[WHAT IS EXPECTED]
Exclude all pictures from your copy of the data below, which should otherwise match exactly.

[Image-text web data]
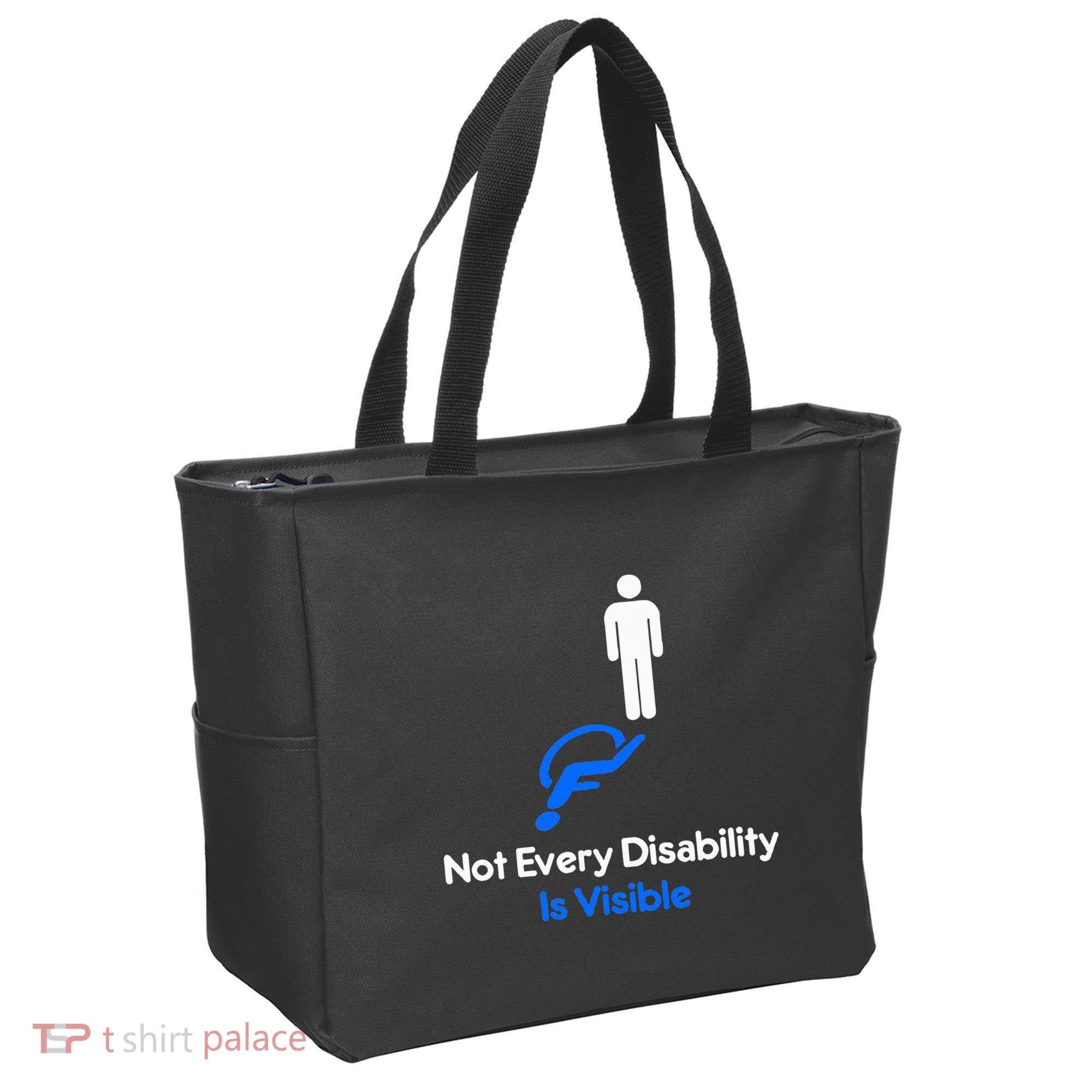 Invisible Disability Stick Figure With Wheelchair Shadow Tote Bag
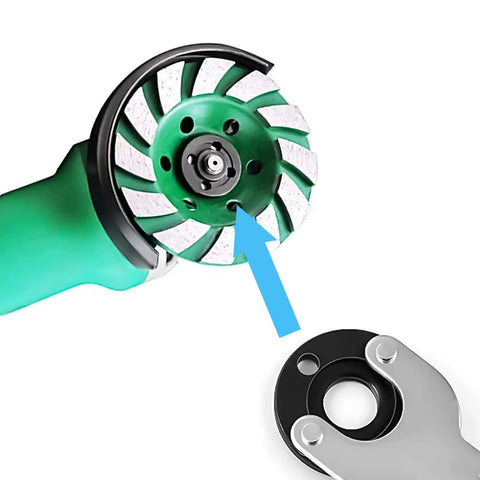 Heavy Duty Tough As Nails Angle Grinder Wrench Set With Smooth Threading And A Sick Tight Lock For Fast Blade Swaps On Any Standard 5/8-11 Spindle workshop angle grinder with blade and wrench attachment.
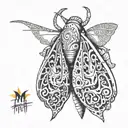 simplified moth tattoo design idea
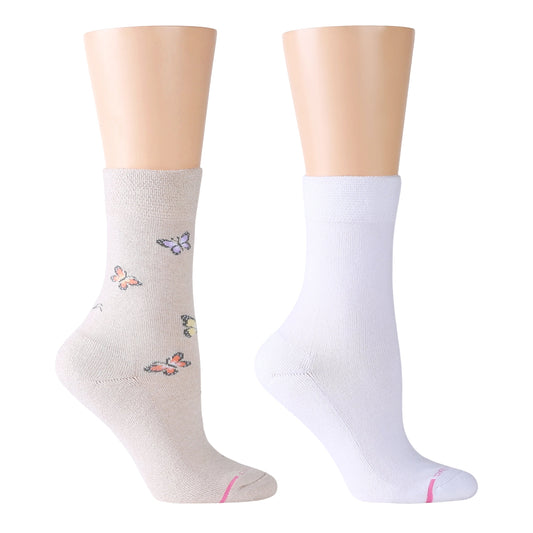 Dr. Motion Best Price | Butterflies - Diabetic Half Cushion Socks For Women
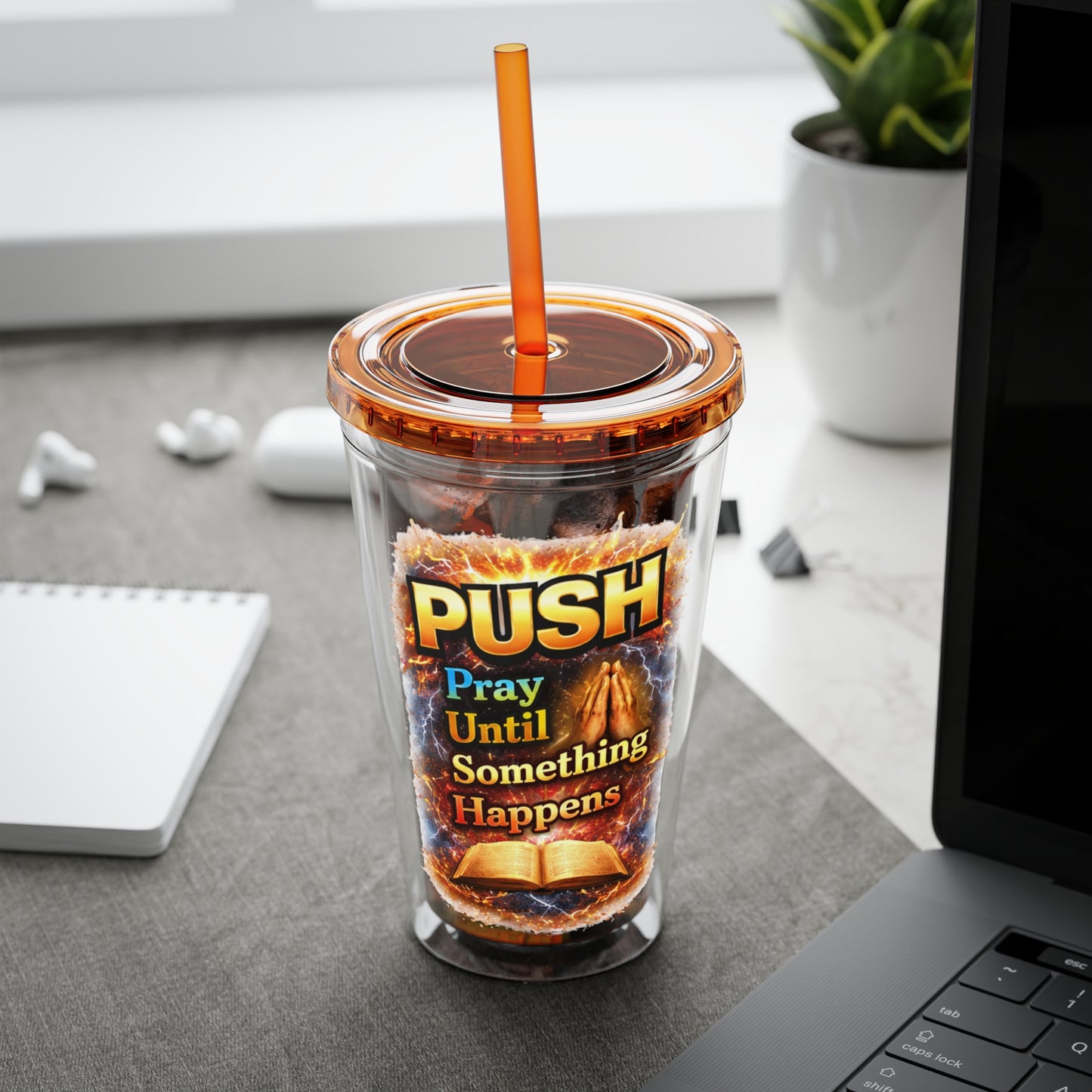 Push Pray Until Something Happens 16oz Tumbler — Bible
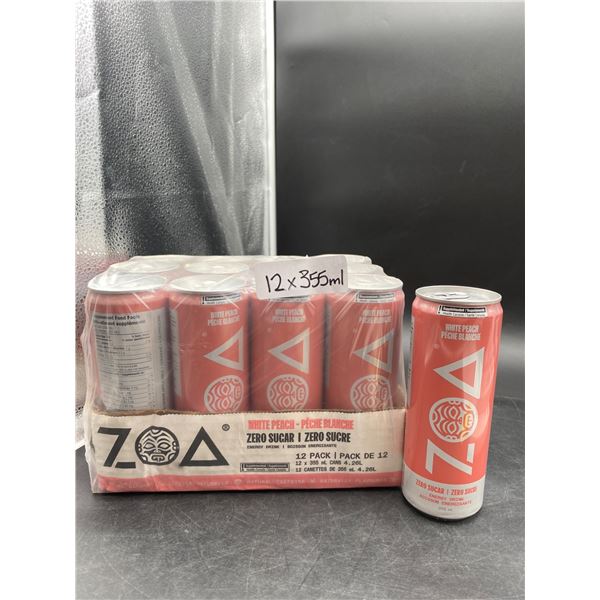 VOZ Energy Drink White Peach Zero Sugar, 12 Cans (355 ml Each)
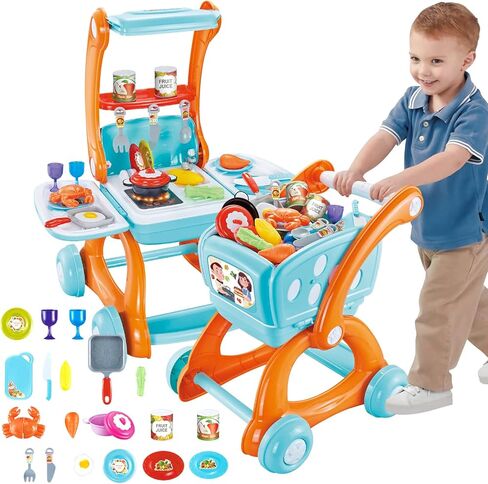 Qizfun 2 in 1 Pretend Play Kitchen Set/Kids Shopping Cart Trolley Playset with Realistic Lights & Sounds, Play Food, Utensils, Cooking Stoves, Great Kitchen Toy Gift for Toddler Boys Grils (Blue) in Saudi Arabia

[EXPECTED OUTPUT]
 Invisible Disability Stick Figure With Wheelchair Shadow Tote Bag
 Heavy Duty Tough As Nails Angle Grinder Wrench Set With Smooth Threading And A Sick Tight Lock For Fast Blade Swaps On Any Standard 5/8-11 Spindle workshop angle grinder with blade and wrench attachment.
 simplified moth tattoo design idea
 Dr. Motion Best Price | Butterflies - Diabetic Half Cushion Socks For Women
 Push Pray Until Something Happens 16oz Tumbler — Bible
 VOZ Energy Drink White Peach Zero Sugar, 12 Cans (355 ml Each)
 Qizfun 2 in 1 Pretend Play Kitchen Set/Kids Shopping Cart Trolley Playset with Realistic Lights & Sounds, Play Food, Utensils, Cooking Stoves, Great Kitchen Toy Gift for Toddler Boys Grils (Blue) in Saudi Arabia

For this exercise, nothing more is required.